→ **Aim of the task**
Copy exactly the stretch of lines from the one holding "Ollie laughing among the plants" through the last line of the data below, inclusive. Leave out pictures.

→ **Material provided**

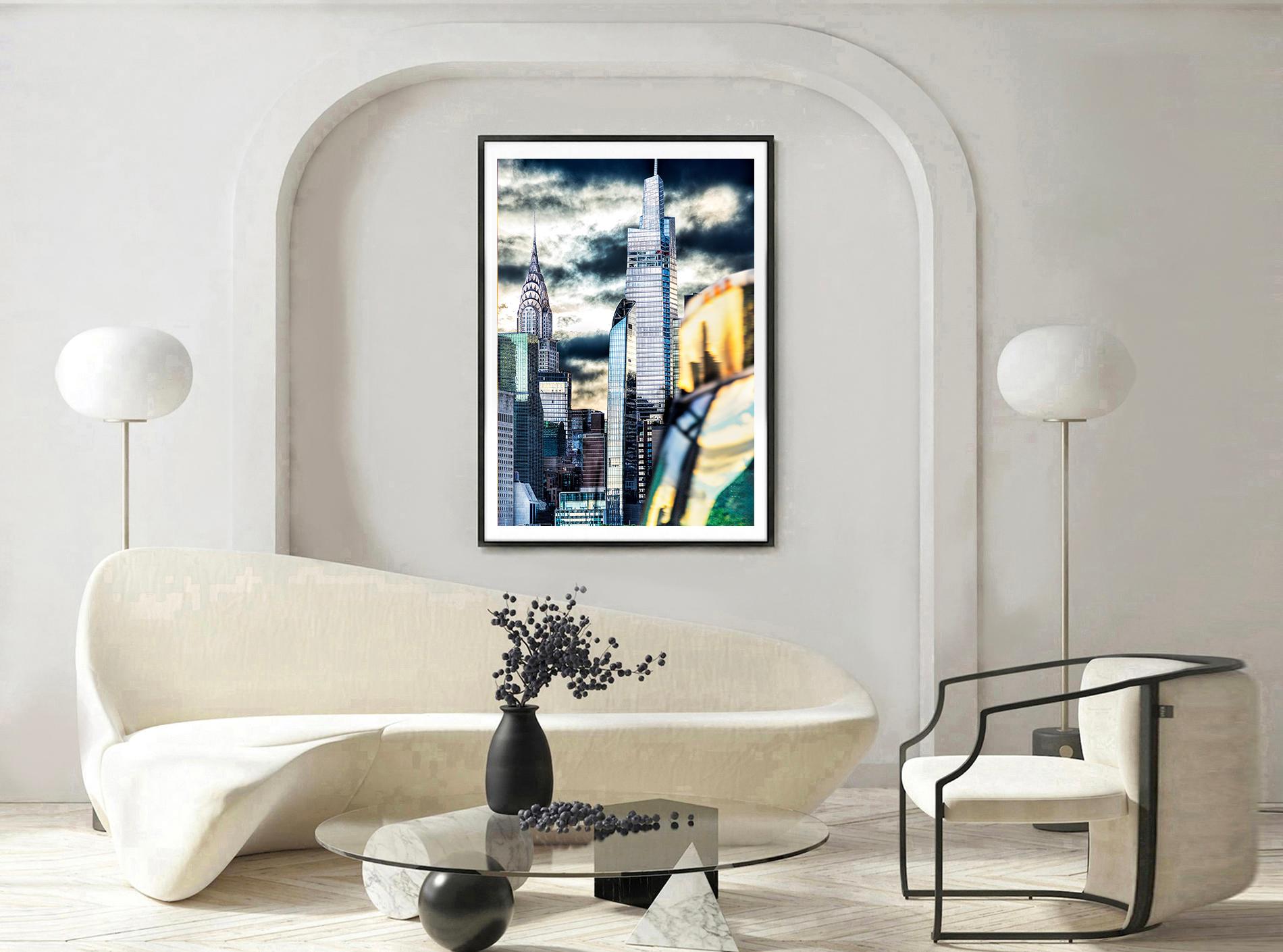 Veiled in subtle gradations of silver and grey, the Chrysler Building proudly rises above a tight interlocking formation of less consequential neighbors. A new, boxy, and clumsy vertical competitor, called One Vanderbilt, flanks the Art Deco icon to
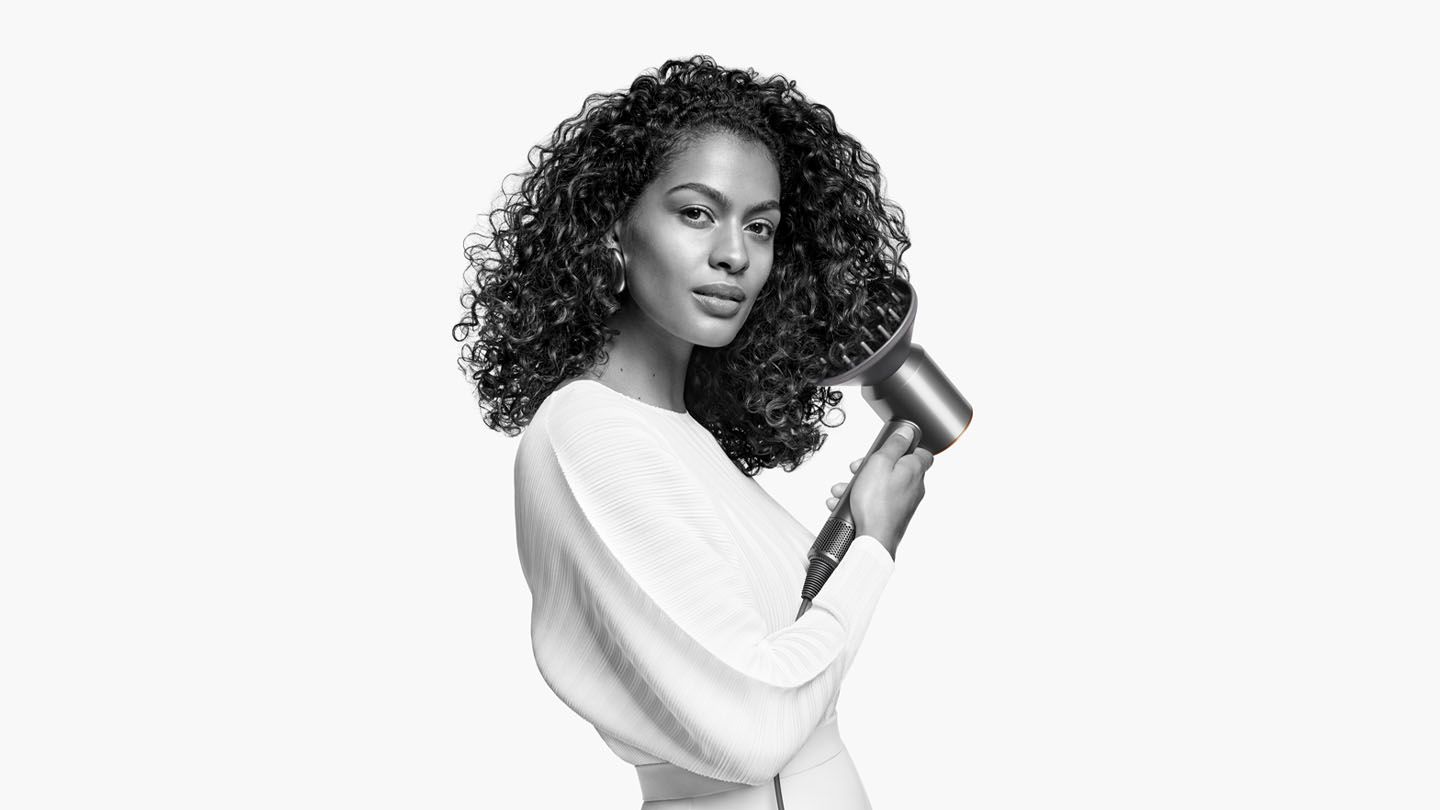 Model using Dyson Supersonic™ hair dryer 
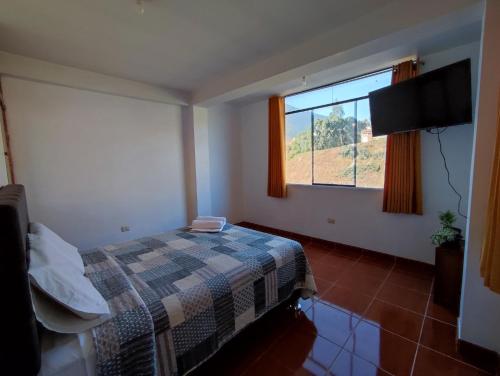 1 dormitorio con cama y ventana en Casa QENTE, en Cusco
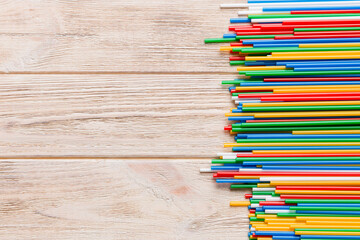 Fototapeta premium Heap of colorful plastic drinking straws on Colored background, flat lay. Copy Space for text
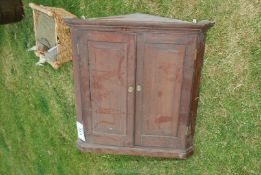 An Oak cupboard 30 3/4" high x 29 1/4" wide.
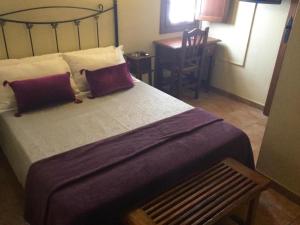 1 dormitorio con 1 cama grande y 1 mesa en Hostal San Pedro, en Cuenca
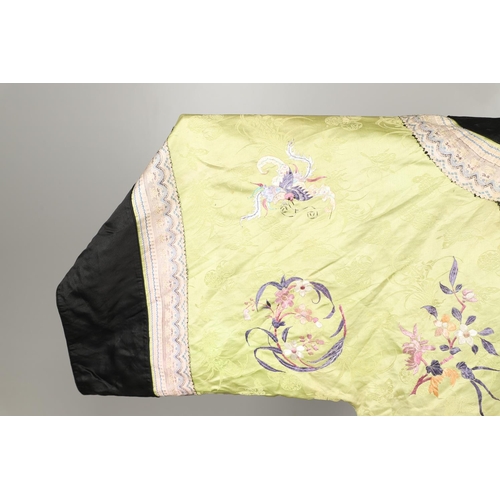 767 - CHINESE EMBROIDERED SILK ROBE. A 3/4 length robe, embroidered with flowers, birds and insects on gre... 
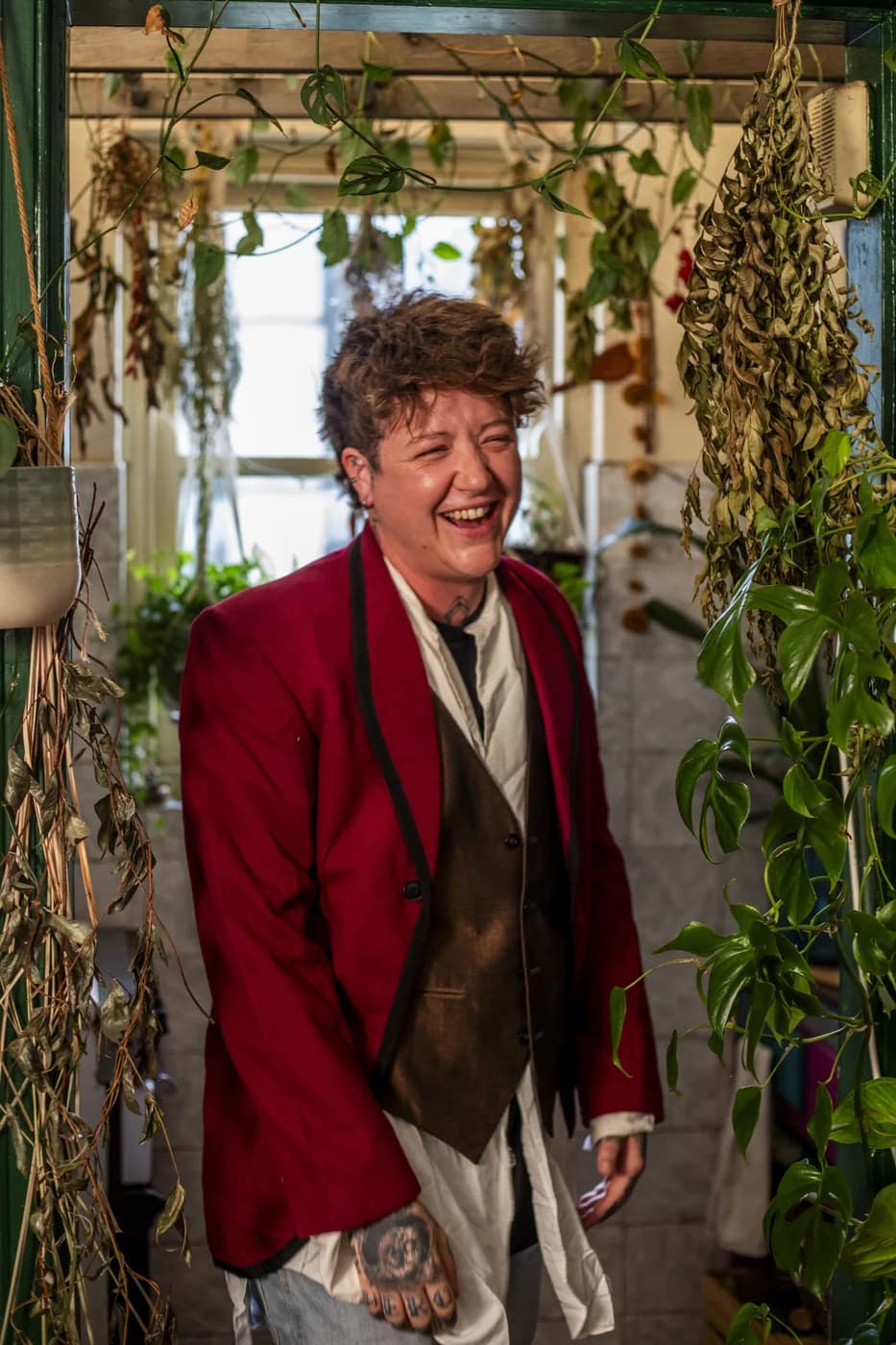 Ollie laughing among the plants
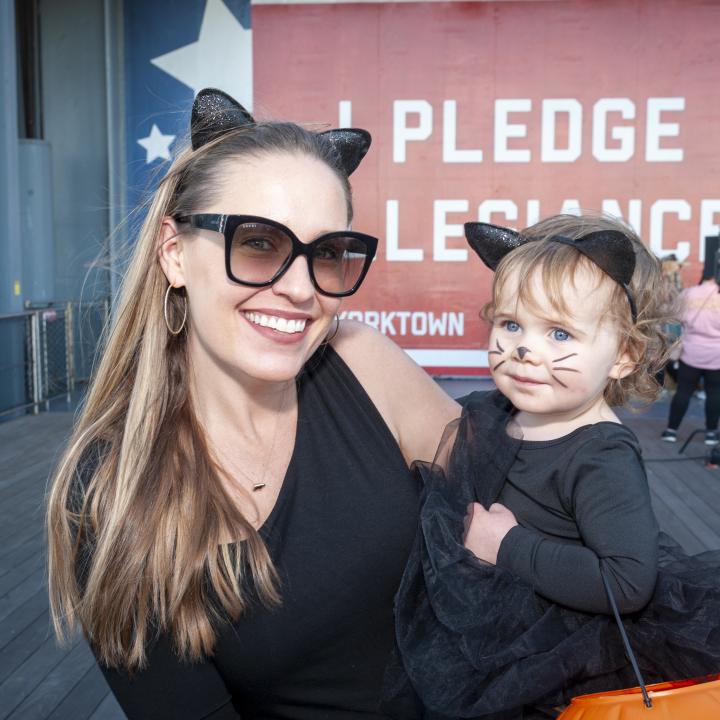 A mom and daughter dress up as cats for Halloween while standing in front of a red, white, and blue banner on the USS Yorktown (CV-10) that says "I pledge allegiance."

→ **Solution to the exercise**
 Ollie laughing among the plants
 A mom and daughter dress up as cats for Halloween while standing in front of a red, white, and blue banner on the USS Yorktown (CV-10) that says "I pledge allegiance."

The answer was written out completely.